# clip on hat , black light ?



## glasseyes (Jan 28, 2012)

Anybody use a black light to night fish this way. I'm looking for a black light flashlight to saugeye fish at night , I like to watch the line. I have not been able to find one that looks to fit the purpose and was wondering if anyone here has used on in this manner and if so what did you use ?


----------



## tysix6 (Jan 12, 2008)

MasterVision 308G2BLK 3 LED Cap Light Black https://www.amazon.com/dp/B000GHF3HW/ref=cm_sw_r_awd_BNFOub167CYAF

I've seen someone use this one before...


----------



## glasseyes (Jan 28, 2012)

I almost bought one but wasn't sure of the strength of beam . Not that expensive may give it a try.
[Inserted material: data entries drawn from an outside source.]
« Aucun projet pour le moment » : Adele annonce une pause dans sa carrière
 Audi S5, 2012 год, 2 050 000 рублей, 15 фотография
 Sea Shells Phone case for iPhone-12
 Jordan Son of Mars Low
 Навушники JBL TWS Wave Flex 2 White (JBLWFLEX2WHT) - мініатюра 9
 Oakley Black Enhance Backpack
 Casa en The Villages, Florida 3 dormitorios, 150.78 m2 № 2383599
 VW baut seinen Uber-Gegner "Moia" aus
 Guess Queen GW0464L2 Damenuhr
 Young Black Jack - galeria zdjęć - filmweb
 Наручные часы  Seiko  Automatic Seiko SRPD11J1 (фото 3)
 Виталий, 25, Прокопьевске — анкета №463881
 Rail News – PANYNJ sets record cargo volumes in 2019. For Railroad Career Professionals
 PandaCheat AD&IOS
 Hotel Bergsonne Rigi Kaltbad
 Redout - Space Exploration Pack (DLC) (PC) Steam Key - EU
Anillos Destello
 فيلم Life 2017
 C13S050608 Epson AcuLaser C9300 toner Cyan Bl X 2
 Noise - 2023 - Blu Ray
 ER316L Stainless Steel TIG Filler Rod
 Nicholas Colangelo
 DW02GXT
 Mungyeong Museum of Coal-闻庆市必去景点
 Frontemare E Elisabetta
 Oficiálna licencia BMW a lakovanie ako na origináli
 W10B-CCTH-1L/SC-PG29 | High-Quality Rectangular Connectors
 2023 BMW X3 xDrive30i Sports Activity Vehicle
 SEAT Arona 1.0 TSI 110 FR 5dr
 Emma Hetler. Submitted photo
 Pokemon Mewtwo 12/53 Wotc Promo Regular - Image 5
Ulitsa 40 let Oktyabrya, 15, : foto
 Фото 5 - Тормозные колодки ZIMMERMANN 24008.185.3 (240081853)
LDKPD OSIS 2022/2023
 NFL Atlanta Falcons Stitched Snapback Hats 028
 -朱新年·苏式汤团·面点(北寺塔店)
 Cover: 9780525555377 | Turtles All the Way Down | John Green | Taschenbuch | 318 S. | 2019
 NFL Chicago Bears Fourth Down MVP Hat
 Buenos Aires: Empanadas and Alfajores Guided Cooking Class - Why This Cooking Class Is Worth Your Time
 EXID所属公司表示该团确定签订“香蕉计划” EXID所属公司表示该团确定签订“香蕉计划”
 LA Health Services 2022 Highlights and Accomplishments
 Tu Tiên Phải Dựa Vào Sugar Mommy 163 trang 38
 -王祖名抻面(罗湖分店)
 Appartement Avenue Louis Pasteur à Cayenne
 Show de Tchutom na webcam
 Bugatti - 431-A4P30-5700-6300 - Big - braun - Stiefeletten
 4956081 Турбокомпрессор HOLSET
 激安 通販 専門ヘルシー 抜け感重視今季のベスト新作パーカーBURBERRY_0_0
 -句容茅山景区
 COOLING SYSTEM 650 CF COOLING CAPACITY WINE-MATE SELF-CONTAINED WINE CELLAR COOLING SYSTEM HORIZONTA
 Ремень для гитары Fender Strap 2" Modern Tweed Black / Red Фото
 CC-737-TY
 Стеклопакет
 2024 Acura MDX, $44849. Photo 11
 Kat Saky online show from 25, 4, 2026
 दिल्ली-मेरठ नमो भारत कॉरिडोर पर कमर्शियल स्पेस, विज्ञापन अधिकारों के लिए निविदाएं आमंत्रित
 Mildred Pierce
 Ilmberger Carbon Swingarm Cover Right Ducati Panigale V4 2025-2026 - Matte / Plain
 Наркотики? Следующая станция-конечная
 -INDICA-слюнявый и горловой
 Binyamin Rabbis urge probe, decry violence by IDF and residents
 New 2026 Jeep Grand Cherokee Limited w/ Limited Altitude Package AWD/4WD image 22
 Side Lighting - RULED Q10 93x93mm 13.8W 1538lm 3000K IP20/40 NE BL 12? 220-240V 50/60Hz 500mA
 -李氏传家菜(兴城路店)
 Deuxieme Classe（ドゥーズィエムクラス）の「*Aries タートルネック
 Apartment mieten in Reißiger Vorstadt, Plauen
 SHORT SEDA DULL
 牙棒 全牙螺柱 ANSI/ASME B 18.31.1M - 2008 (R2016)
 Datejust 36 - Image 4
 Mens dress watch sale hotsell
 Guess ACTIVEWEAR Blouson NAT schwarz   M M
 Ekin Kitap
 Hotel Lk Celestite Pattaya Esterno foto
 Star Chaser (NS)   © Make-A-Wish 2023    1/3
Right now I'm using a battery powered black light , two bulbs , six size D batteries just a little bulky to carry.


----------



## 1basshunter (Mar 27, 2011)

I happen to have one but I very seldom ever use it I find that a red light is better


----------



## DonkeykongOhio (May 5, 2015)

Sorry to recessitate an old thread... Would one of the archery tru-glo "black lights" either shined at the spool on the reel or near the top of the rod illuminate the entire monofilament? They are used to brighten the pins for low light hunting. The pins are liner optic & i would imagine it would work we with fishing line. 

Mark


----------